The company’s profit tumbled to $5.2 million, or 64 cents a share, from $31.5 million, or $4.07 a share, in the year-ago period. Revenue remained level at $959.1 million and operating expenses were also flat.
Discontinued operations, which posted a year-ago profit of $17.6 million, swung to a loss of $1.4 million.
The quarter also was weighed down by restructuring at Washington Post’s Kaplan division, the largest top-line contributor. The company is merging some campuses and halting enrollments at others, moves that are expected to cost $18 million in restructuring charges in the second half of 2013.
In the latest period, the education division narrowed its operating loss but posted a 3% decline in revenue to $527.8 million. Enrollment slid 8.3% excluding closed campuses, or 12% overall.

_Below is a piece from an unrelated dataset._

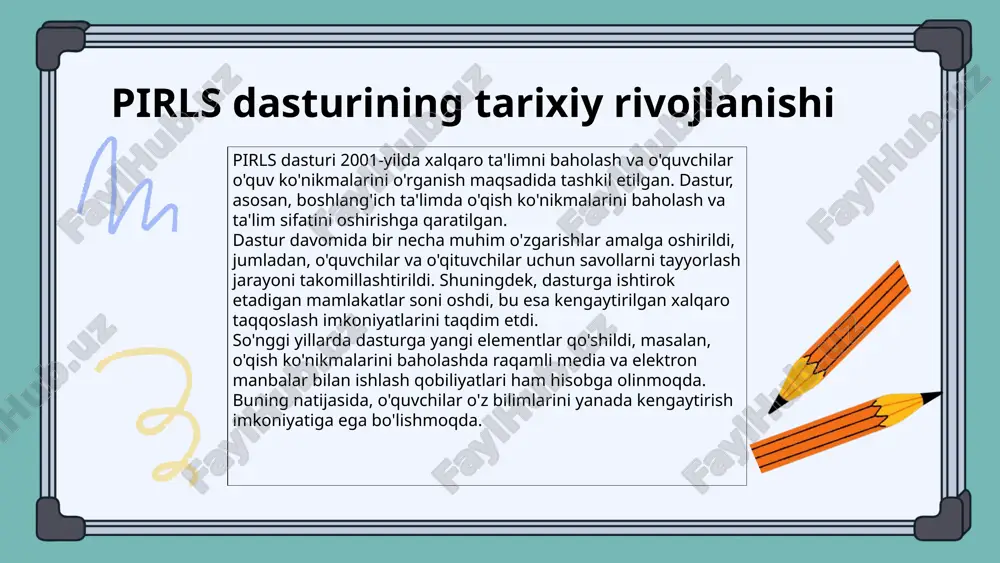 adi. bu, o'qituvchilarga yangi metodlarni qo'llash imkoniyatini beradi va ta'lim jarayonini yanada samarali qiladi. umuman olganda, ta'lim tizimidagi o'zgarishlar, o'quvchilarning bilim darajasini oshirishga xizmat qiladi. adabiyotlar roʻyxati pirls (progress in international reading literacy study) dasturi xalqaro miqyosda o'quvchilarning o'qish savodxonligini baholashga qaratilgan. ushbu dastur 2001 yildan beri har to'rt yilda o'tkazilib kelinmoqda va 50 dan ortiq mamlakatni qamrab oladi. - o'qish savodxonligini oshirish uchun dasturiy yondashuvlar muhimdir. - o'qituvchilarning malakasini oshirish natijalarga ijobiy ta'sir ko'rsatadi. - oila va jamiyatning ta'limga bo'lgan munosabati o'quvchilarning muvaffaqiyatida muhim rol o'ynaydi. - o'qish jarayonida texnologiyalardan foydalanish samaradorlikni oshiradi. pirls dasturida qatnashgan mamlakatlar o'rtasida turli sharoitlar va muammolar mavjud. ba'zi mamlakatlarda ta'lim tizimida resurslar yetishmaydi, boshqalarida esa o'qituvchilarni tayyorlash va qo'llab-quvvatlash masalalari mavjud. pirls dasturining natijalari: ta'lim tizimlariga ta'siri pirls dasturi, 4-sinf o'quvchilarining o'qish ko'nikmalarini baholash maqsadida o'tkazilgan xalqaro tadqiqotdir. ushbu dastur natijalari, o'zbekiston ta'lim tizimining o'qitish metodlari va o'quv dasturlaridagi o'zgarishlarni ko'rsatmoqda. o'quvchilarning o'qish …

Washington Post said its newspaper-publishing segment saw revenue fall 4%, as print advertising revenue from the namesake paper decreased 8% to $48.6 million. Daily and Sunday circulation fell 7.2% and 7.7%, respectively.
Online publishing revenue, which largely includes washingtonpost.com and Slate, rose about 8% to $25.8 million amid a 16% increase in display online advertising revenue. Online classified advertising revenue fell 6%.
The cable television business recorded revenue growth of 5.2%.
Shares were trading 1.15% lower at $447.30 in early morning trading.